Opinion
3:24-cv-01269-CAB-MMP
10-11-2024
ORDER GRANTING MOTION TO REMAND [ECF NO. 4]
HON. CATHY ANN BENCIVENGO UNITED STATES DISTRICT JUDGE
Plaintiff Diana Haver filed her putative class action lawsuit in San Diego County Superior Court. [ECF No. 1-2, “Complaint.”] Her case theory is that Defendant General Mills deceptively marketed “Fruit Snacks” to contain “Real Fruit Juice,” when, according to Plaintiff, the snacks in question were sweetened entirely with added sugars. [Compl. ¶ 3.] Plaintiff brought claims under the California Unfair Competition Law (UCL) and the California False Advertising Law (FAL) in state court seeking both injunctive relief and equitable relief in the form of disgorgement and restitution. [See Compl. ¶¶ 59, 77.] Defendant removed to federal court, claiming jurisdiction under the Class Action Fairness Act, and Plaintiff moved for remand. [ECF No. 4.] For the reasons explained below, the Court GRANTS Plaintiff's motion.
I. LEGAL BACKGROUND
“Unless Congress has expressly provided otherwise, a defendant may remove to federal court ‘any civil action brought in a [s]tate court of which the district courts of the United States have original jurisdiction.'” Dennis v. Hart, 724 F.3d 1249, 1252 (9th Cir. 2013) (quoting 28 U.S.C. § 1441(a)).

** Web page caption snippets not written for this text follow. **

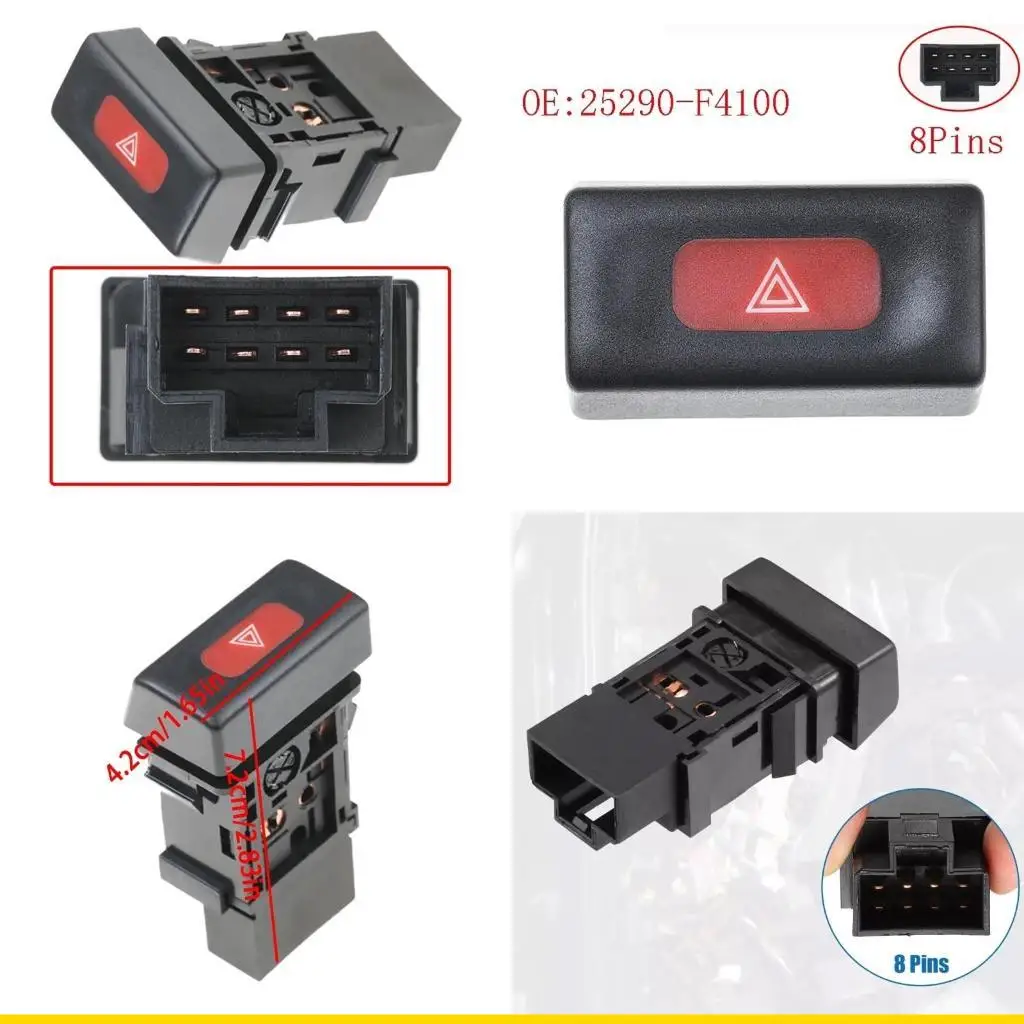 SZCH 25290F4300 Interruptor indicador advertencia para 1996-2000 Botón interruptor luz emergencia peligro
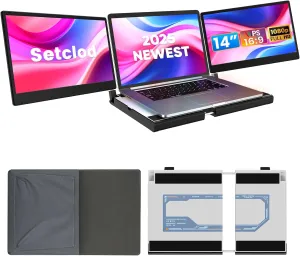 14" FHD 1080P Laptop Monitor Extender, Triple Screen, Portable, Compatible with Mac, Windows, Chrome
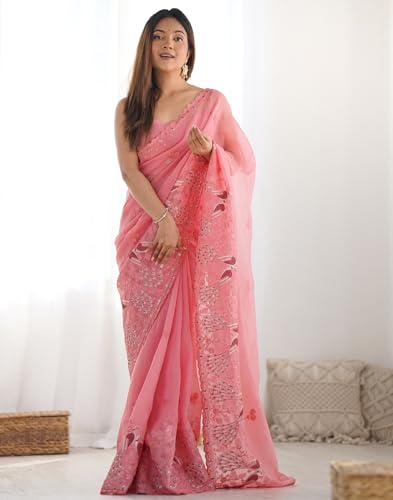 Image of SIRIL Women's Silk Blend Sequence Embroidery Saree With Unstitched Blouse Piece for Wedding and Parties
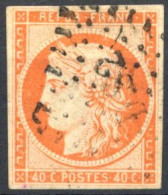 [O SUP] N° 5, 40c Orange, Belles Marges - Superbe Obl Losange "bâton" De Paris 'DS2' - Cote: 500€ - 1849-1850 Cérès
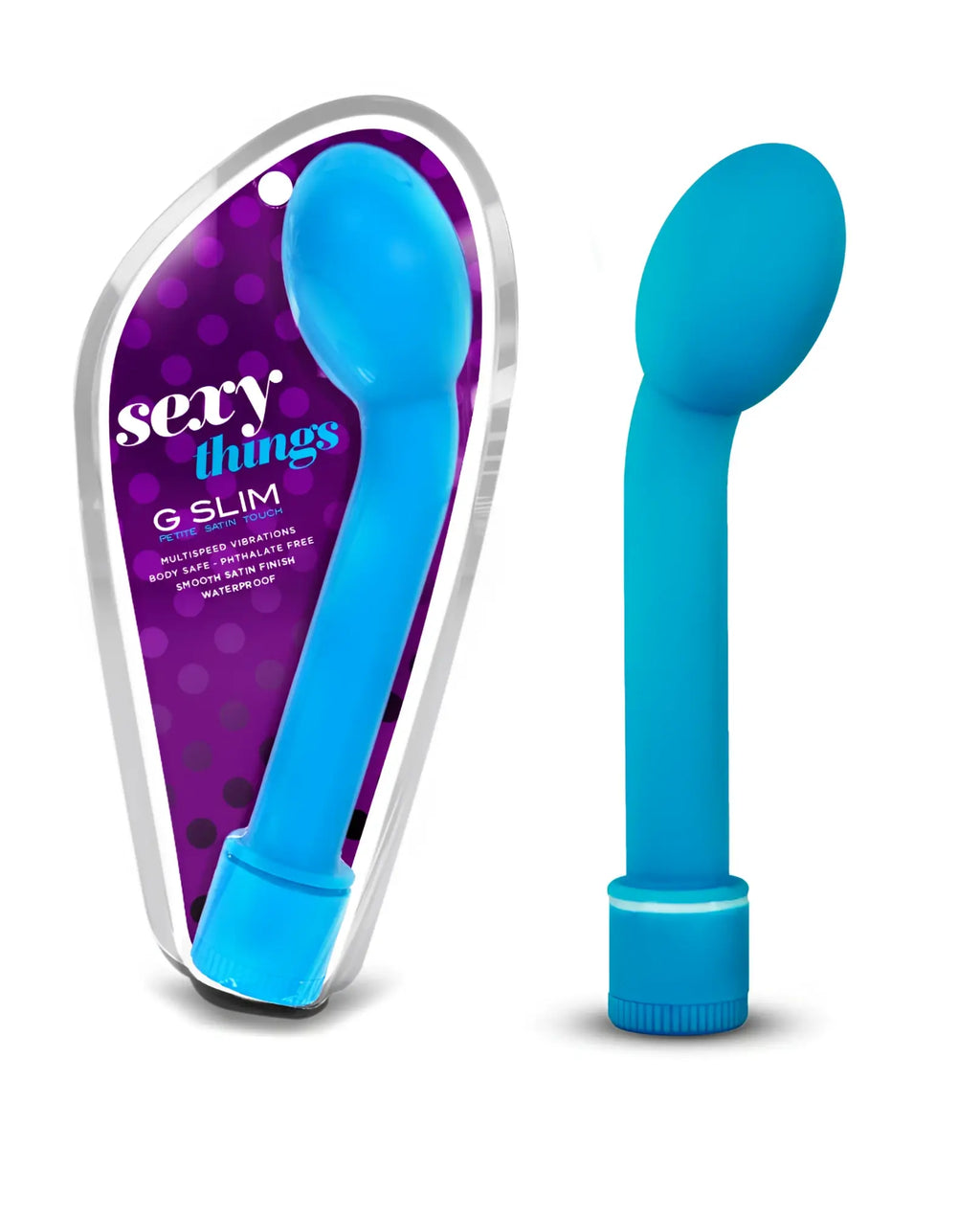 A vibrant blue sexy things g slim petite vibrato with sleek curves smooth satin finish and waterproof design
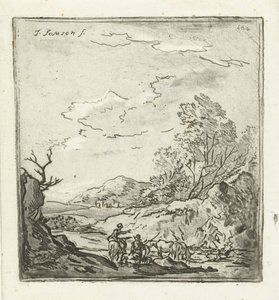 Paisaje con jinete y pastor de Louis Bernard Coclers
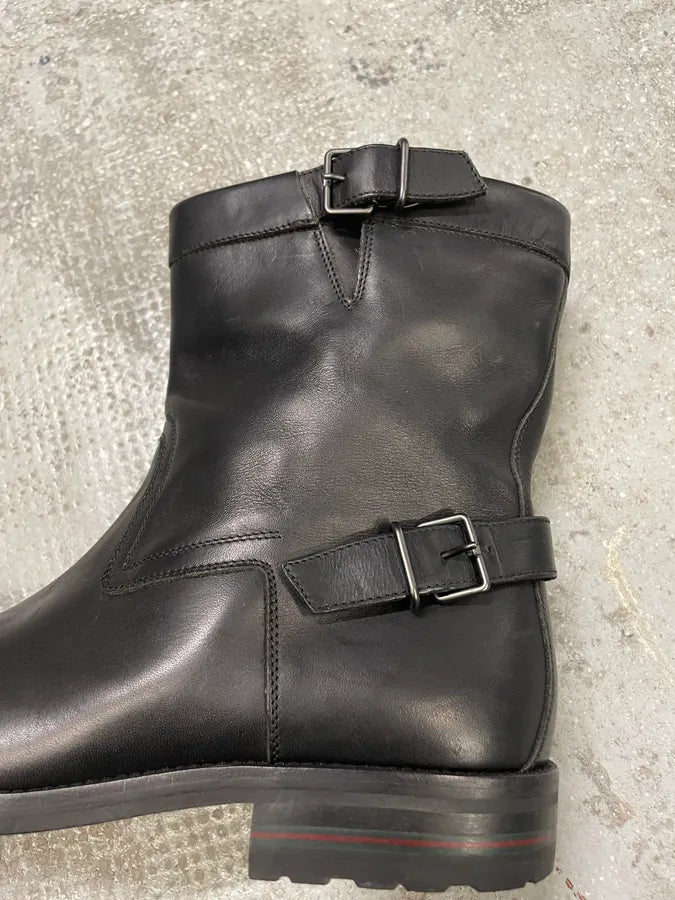 Gucci Straps Black Leather Boots giYNVIV 6
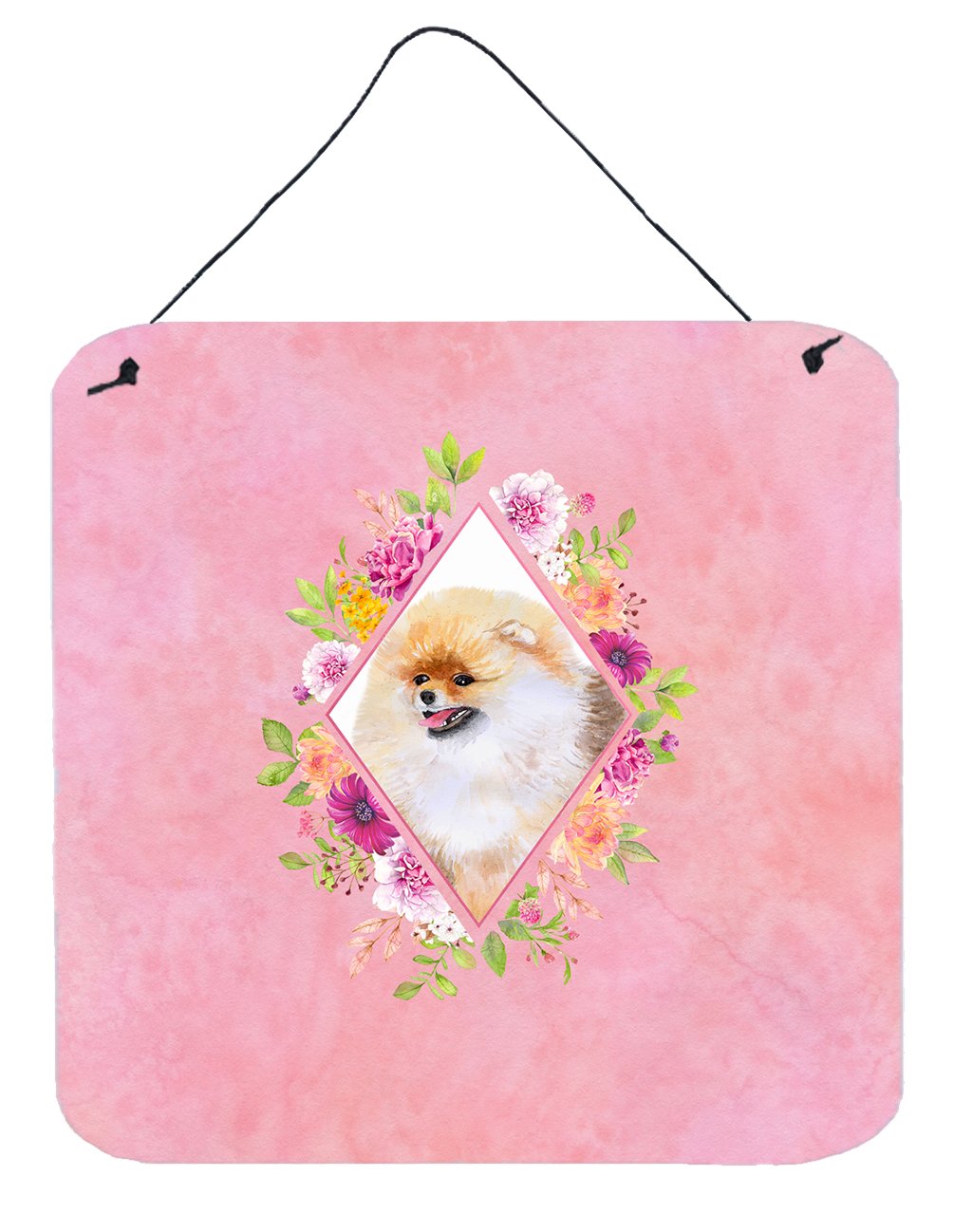 Pomeranian #2 Pink Flowers Wall or Door Hanging Prints CK4170DS66 by Caroline&#39;s Treasures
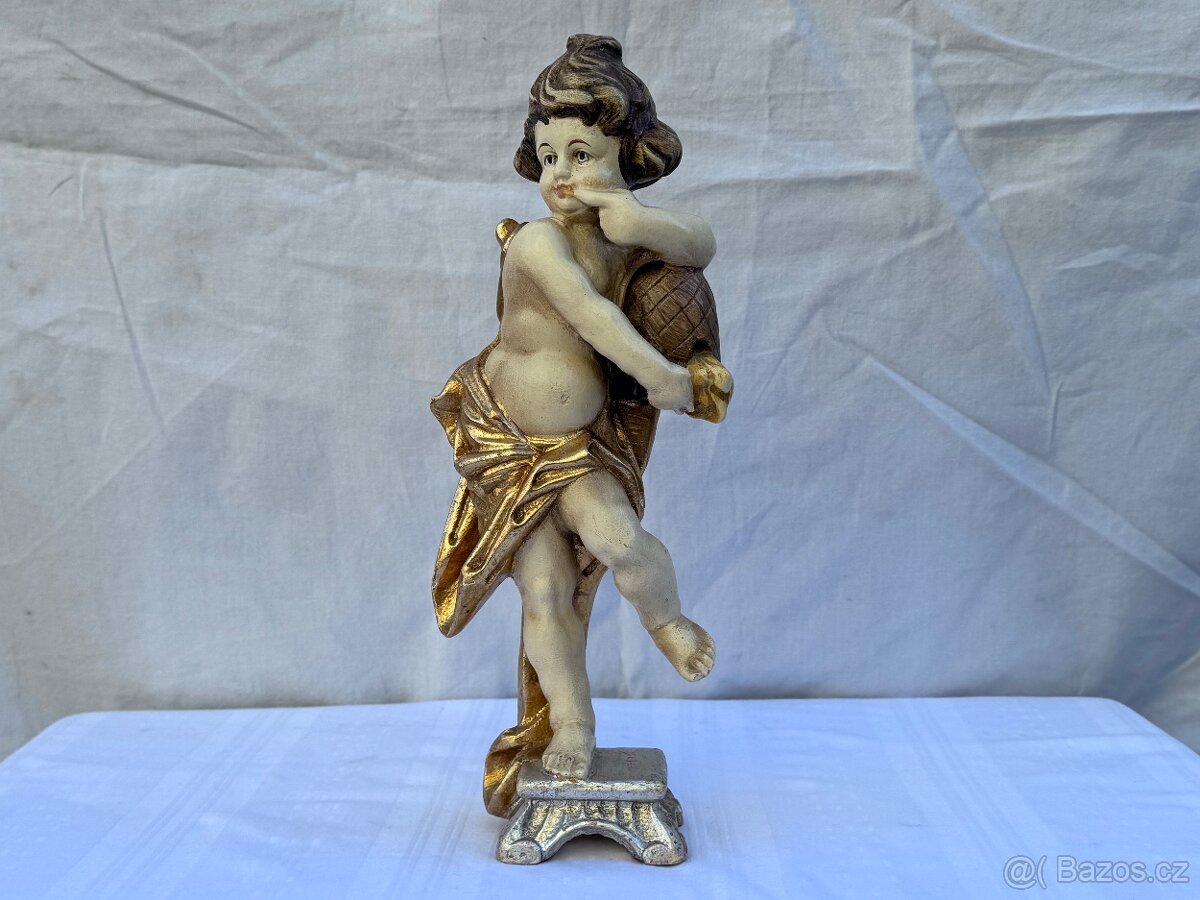 Anděl dřevěná socha v polychromii - 4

“CAFA vests federal courts with original diversity jurisdiction over class actions if: (1) the aggregate number of members in the proposed class is 100 or more; (2) the amount in controversy “exceeds the sum or value of $5,000,000, exclusive of interests and costs;” and (3) the parties are minimally diverse, meaning, “any member of a class of plaintiffs is a citizen of a State different from any defendant.” 28 U.S.C. § 1332(d)(2), (d)(5)(B). “[N]o antiremoval presumption attends cases invoking CAFA, which Congress enacted to facilitate adjudication of certain class actions in federal court.” Dart Cherokee Basin Operating Co., LLC v. Owens, 574 U.S. 81, 89 (2014).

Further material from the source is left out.